• **Exercise directions**: Images are to be excluded, and the rest of the data repeated exactly.

• **The data**:
-.-.-

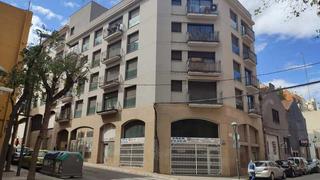 Geschäftsraum in Carrer d'apodaca 22. Tu espacio, tu éxito: ¡construye el futuro en tarragona!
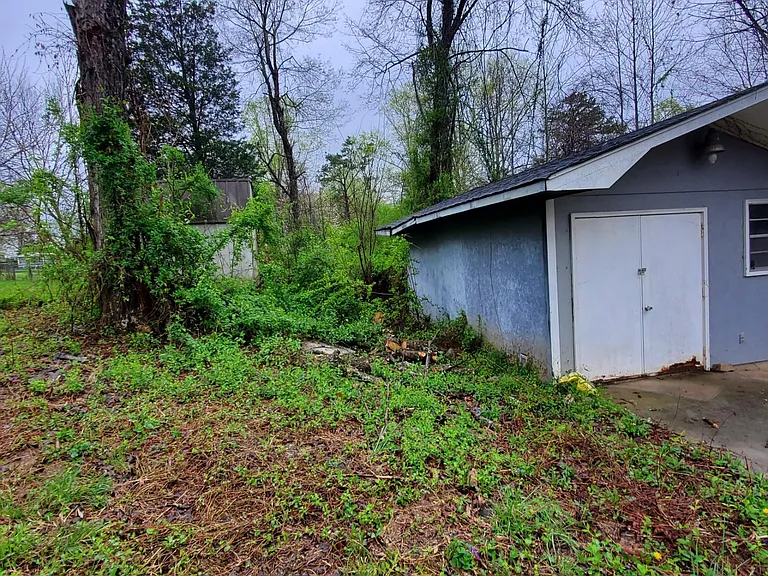 4563 Cherokee Dr — Photo 2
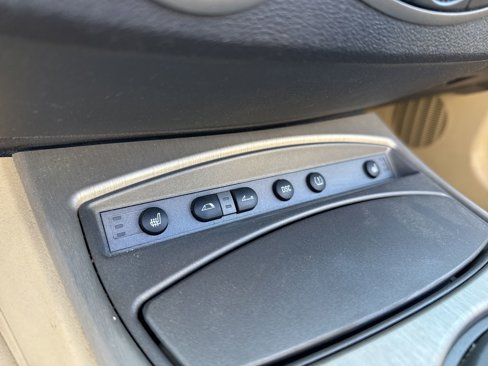 Used 2004 BMW Z4 2.5i image 10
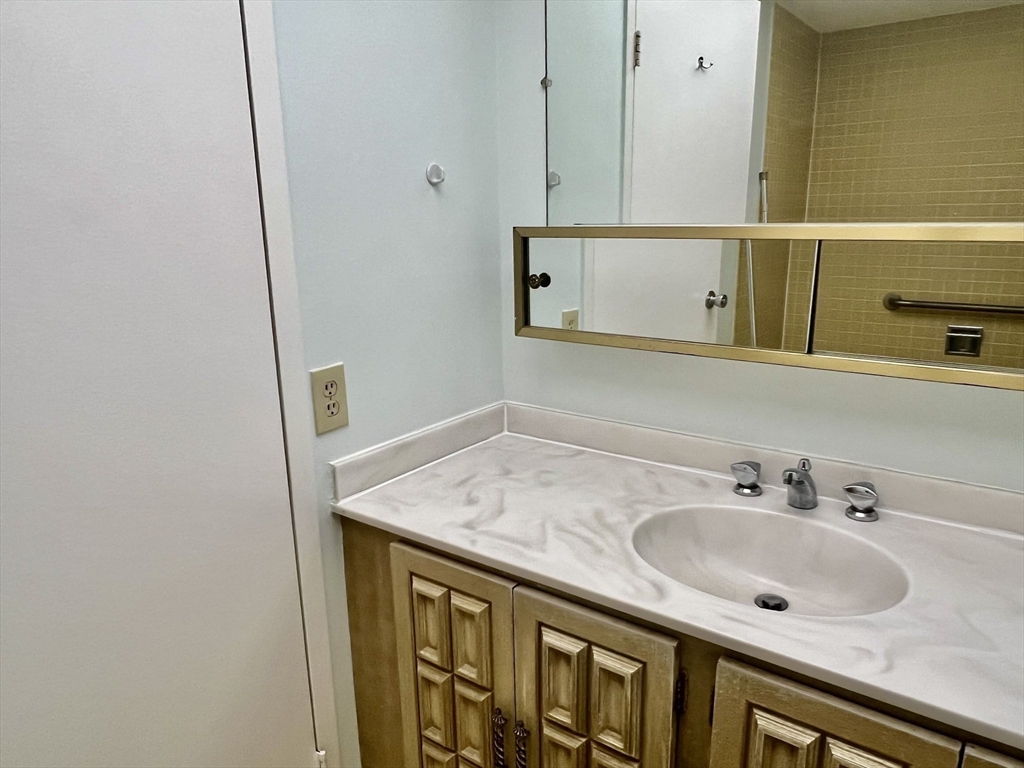404 Paradise Road, Unit PHJ Swampscott, MA 01907 - Photo 25 of 30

-.-.-

• **Answer to this task**:
 Geschäftsraum in Carrer d'apodaca 22. Tu espacio, tu éxito: ¡construye el futuro en tarragona!
 4563 Cherokee Dr — Photo 2
 Used 2004 BMW Z4 2.5i image 10
404 Paradise Road, Unit PHJ Swampscott, MA 01907 - Photo 25 of 30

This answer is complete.